**Material provided**
Start of Block

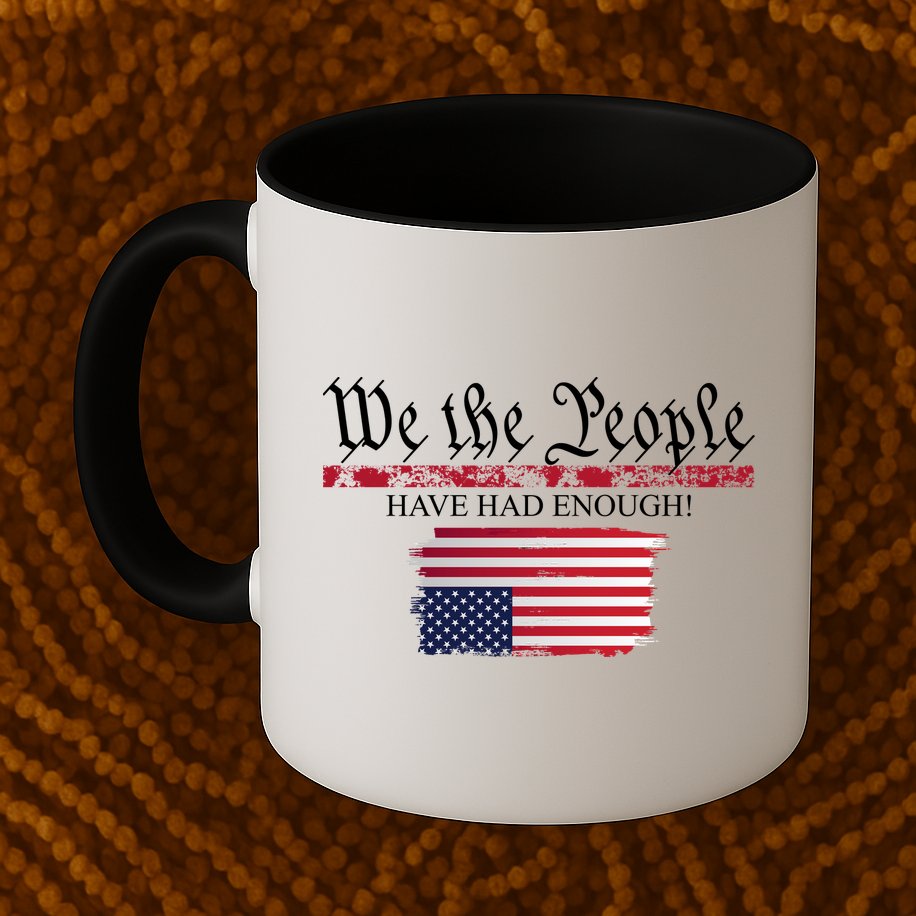 We The People Have Had Enough Protest Politics Mug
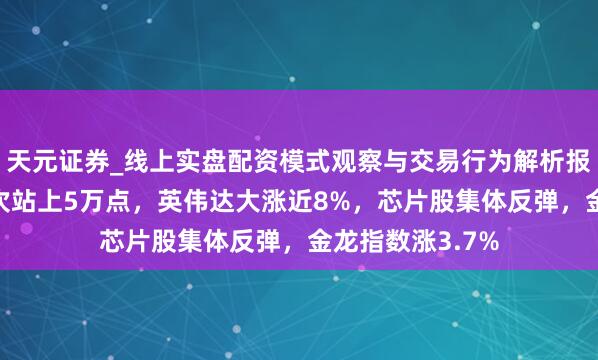 天元证券_线上实盘配资模式观察与交易行为解析报告 谈指收盘初次站上5万点，英伟达大涨近8%，芯片股集体反弹，金龙指数涨3.7%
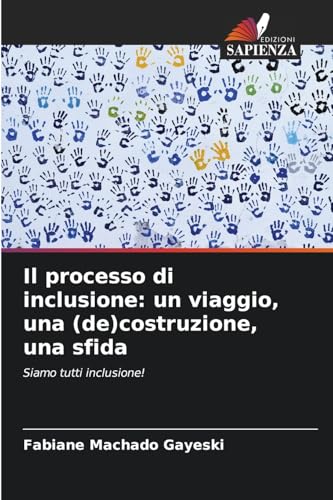 Il processo di inclusione: un viaggio, una (de)costruzione, una sfida: Siamo tutti inclusione!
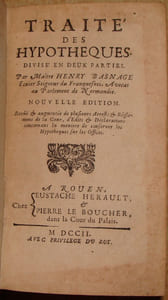 TRAITE DES HYPOTHEQUES. DIVISE EN DEUX PARTIES. PAR MAITRE HENRY BASNAGE ECUIER SEIGNEUR DE FRANQUESNEI, AVOCAT AU PARLEMENT DE NORMANDIE. NOUVELLE EDITION. REVUE & AUGMENTEE DE PLUSIEURS ARRESTS & REGLEMENS DE LA COUR, D'EDITS & DECLARATIONS CONCERNANT LA MANIERE DE CONSERVER LES HYPOTHEQUES SUR LES OFFICES.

End of Block

**What is needed**
Without including any pictures, reproduce the data exactly.

**Exercise result**
 We The People Have Had Enough Protest Politics Mug
 天元证券_线上实盘配资模式观察与交易行为解析报告 谈指收盘初次站上5万点，英伟达大涨近8%，芯片股集体反弹，金龙指数涨3.7%
 Il processo di inclusione: un viaggio, una (de)costruzione, una sfida: Siamo tutti inclusione!
 TRAITE DES HYPOTHEQUES. DIVISE EN DEUX PARTIES. PAR MAITRE HENRY BASNAGE ECUIER SEIGNEUR DE FRANQUESNEI, AVOCAT AU PARLEMENT DE NORMANDIE. NOUVELLE EDITION. REVUE & AUGMENTEE DE PLUSIEURS ARRESTS & REGLEMENS DE LA COUR, D'EDITS & DECLARATIONS CONCERNANT LA MANIERE DE CONSERVER LES HYPOTHEQUES SUR LES OFFICES.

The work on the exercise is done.